Ces inscriptions sahariennes étant fort courtes, nous ne pensons pas qu’elles viennent seulement préciser le sens de l’image à laquelle elles sont associées ou qu’elles soient une simple légende. Les langues sumériennes et égyptiennes étaient aussi porteuses de messages importants, à dimension religieuse par exemple. En Egypte, les hiéroglyphes sont l’émanation du verbe divin et à ce titre se traduisent par "lettres sacrées" ; en dessinant un hiéroglyphe, le scribe lui donnait vie. Au cours l’Antiquité, l’écriture n’était pas à la portée de tous : sous le règne des pharaons, on a estimé que seul 1% de population savait écrire (Vercoutter J. 1994, p. 66). La société protoberbère puis paléoberbère, telle qu’elle apparaît dans les peintures, privilégie un message figuré : celui de la représentation d’une élite sociale et de son idéologie de pouvoir. Parmi les Paléoberbères Garamantes, seule cette élite pouvait posséder des chevaux et des chars ou le métal. Aussi pensons-nous que ces inscriptions ont de fortes chances d’exprimer l’idée de chefferie, d’autorité et de classe sociale. A son tour, l’écriture a pu être considérée comme un instrument de prestige réservé à cette élite. Ces inscriptions pourraient, par exemple, livrer le nom du propriétaire du char et du cheval, le nom ou le titre d’un chef ou d’un clan.
Par ailleurs, la société berbère a toujours été une société de tradition orale où la mémoire et la communication non écrite tiennent une place de choix. Cela ne réduit en rien l’importance des écritures libyques, mais peut expliquer que la parole fut privilégiée au détriment de l’écriture. "Qualifier l’Afrique de "continent sans écriture", c’est oublier, aveuglés par la place privilégiée de l’écriture dans notre conception occidentale de la communication, que dans les systèmes graphiques africains, les signes et les figures tracées viennent exprimer de façon concrète et visible ce que la parole ne dit pas.

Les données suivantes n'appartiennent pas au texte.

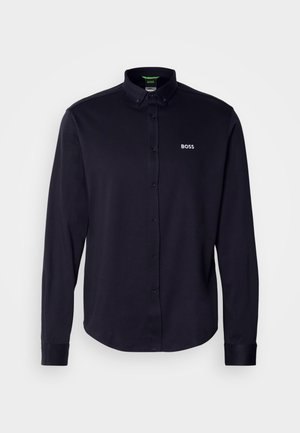 Navy long-sleeve button-up shirt with a collar, featuring a white "BOSS" logo on the chest, made from a smooth, textured fabric.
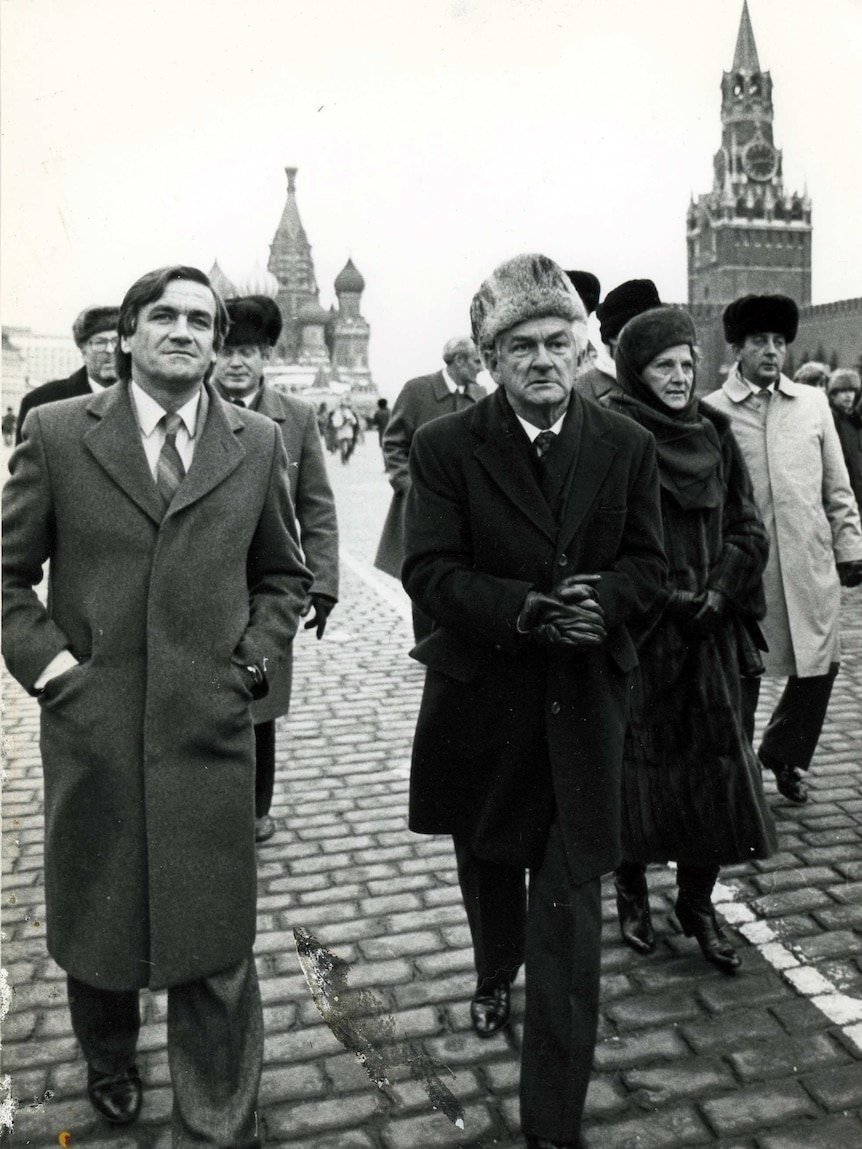 Hawke and wife Hazel in fur hats walking with Cassidy beside him.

Dans les sociétés africaines, la parole ne doit pas être comprise comme le seul et unique moyen d’expression privilégié mais comme un moyen de communication parmi d’autres." (Girard é. 1997, p. 88)

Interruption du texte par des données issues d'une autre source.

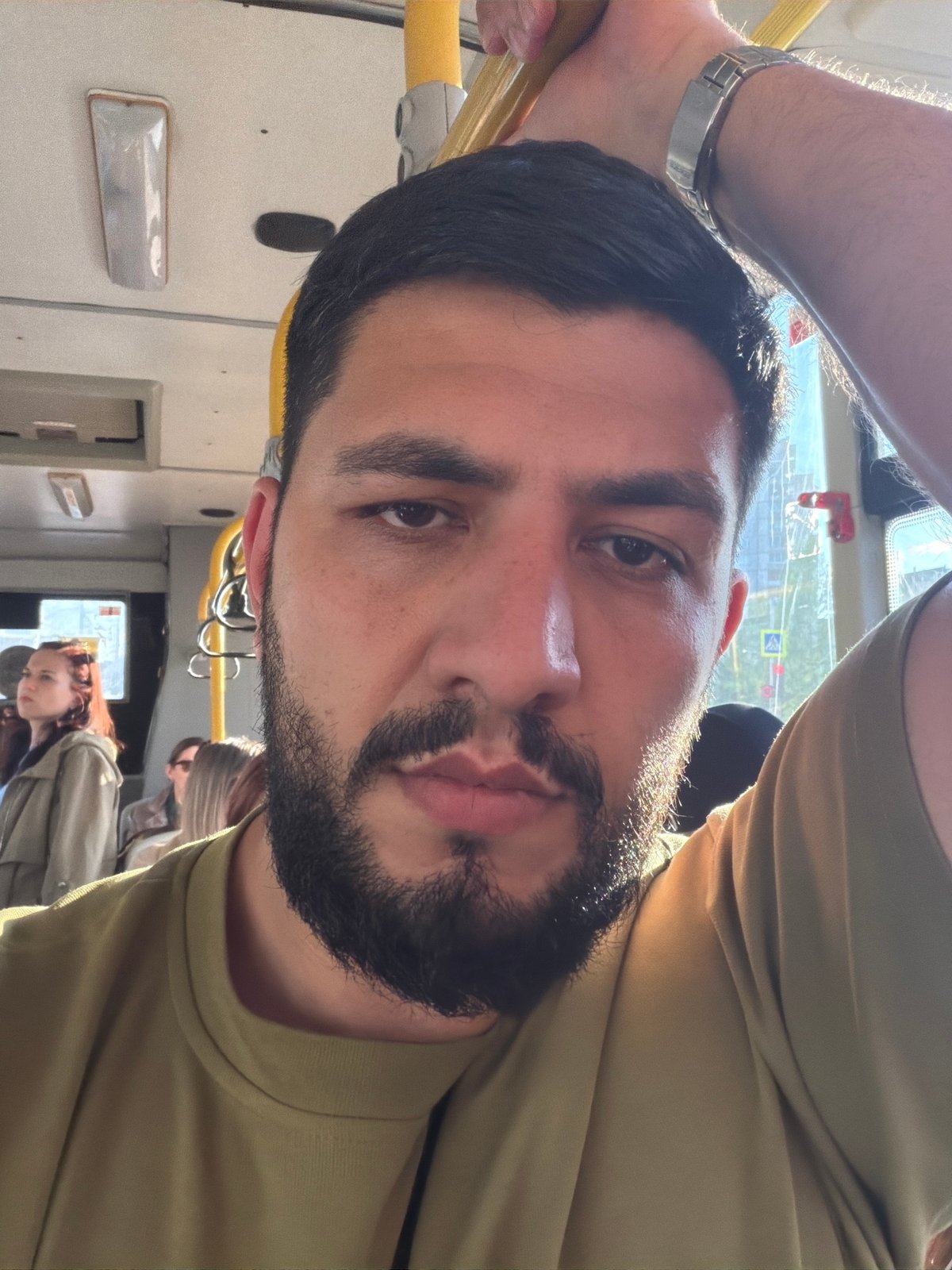 Man takes selfie on public bus in Krasnoyarsk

Au Sahara central, nous avons pu constater que (à ce jour) aucune inscription n’accompagne les peintures des Libyens sahariens. Les premiers caractères apparaissent avec ceux qui leur font immédiatement suite, les Paléoberbères Garamantes. Nous avons vu que ces derniers se mettent en place après 1500 ans avant J.-C. et avant l000 ans avant J.-C. C’est donc dans ce laps de temps, de moins de 500 ans, qu’il faut rapporter l’apparition du libyque, c’est-à-dire dans la seconde moitié du IIe millénaire avant J.-C.
L’alphabet phénicien a vu le jour entre 1300 et l200 avant. J.-C. Le document le plus ancien que l’on connaisse est l’inscription sur le sarcophage du roi Ahiram à Byblos daté entre 1100 et 1000 avant J.-C. C’est exactement la période à laquelle le libyque a pu se mettre en place. Par conséquent, la relative contemporanéité de ces deux écritures ne permet pas d’envisager que le libyque soit issu du phénicien et encore moins du punique.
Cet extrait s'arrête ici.